Women on both sides of the border have borne the brunt of NAFTA
In the two
years since the implementation of NAFTA, the circumstances of workers, farmers and women, as well as environmental conditions, in Mexico and the United States have deteriorated, says a study released December 20 by non- governmental organizations in both countries.
"The evidence shows that, instead of engendering sustainable development, NAFTA is leading our countries down a path of increasing inequality and environmental destruction," said Karen Hansen-Kuhn of The Development GAP, which issued the report along with Equipo PUEBLO and the Institute for Policy Studies (IPS).
The study, "No Laughter in NAFTA," reports that NAFTA-related job losses in the United States doubled in 1995. Unemployment also doubled in Mexico between September 1994 and September 1995, and the purchasing power of the average Mexican wage fell by 54 percent.
At least 334 U.S. firms have moved to Mexico, many in highly polluting industries, the study said.
Rural communities in both countries are suffering under NAFTA, according to the report. Mexican production of basic grains has fallen over the past two years as the market is flooded with grain imports from the U.S.. In the United States, nearly 40 percent of NAFTA-related layoffs have been in rural communities, particularly in low-wage manufacturing.
The study documents the fact that women on both sides of the border have borne the brunt of NAFTA. In the United States, the largest number of NAFTA- related layoffs has been in the electronics and apparel industries, both of which employ high numbers of women.

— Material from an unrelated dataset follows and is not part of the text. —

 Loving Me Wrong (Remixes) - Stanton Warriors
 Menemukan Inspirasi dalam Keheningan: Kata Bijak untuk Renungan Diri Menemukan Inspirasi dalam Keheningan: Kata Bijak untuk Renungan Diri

In Mexico, the booming "maquiladora" assembly plants along the border prefer to employ women because they are paid less and are perceived as more submissive.
"The beneficiaries of NAFTA are the large U.S. corporations that take advantage of cheap labor," said Sarah Anderson of IPS, "while the people NAFTA was supposed to help, North American workers, are worse off because of the treaty."
"As a result, neither the Democratic White House nor the Republican leadership in Congress, both of which promoted NAFTA, will likely raise it as an issue in the upcoming election year, much less advocate for its extension to other countries," said Anderson.
"The situation is much the same in Mexico, where NAFTA has come to symbolize the now thoroughly discredited administration of former President Carlos Salinas," said Carlos Heredia of Equipo PUEBLO. "Here in Mexico, NAFTA is such an embarrassing subject that President Zedillo never mentions it."
The authors of "No Laughter in NAFTA," part of a broad-based network of North American citizens' organizations that had designed and advocated a fundamentally different approach to continental development during the NAFTA negotiations, urge a rapid shift in policy before NAFTA's negative effects are compounded. "Since NAFTA is failing to achieve its goals and fulfill promises," they conclude, "the peoples of all three countries and their elected officials should jettison the accord and reexamine the rules and principles for a more democratic framework of integration."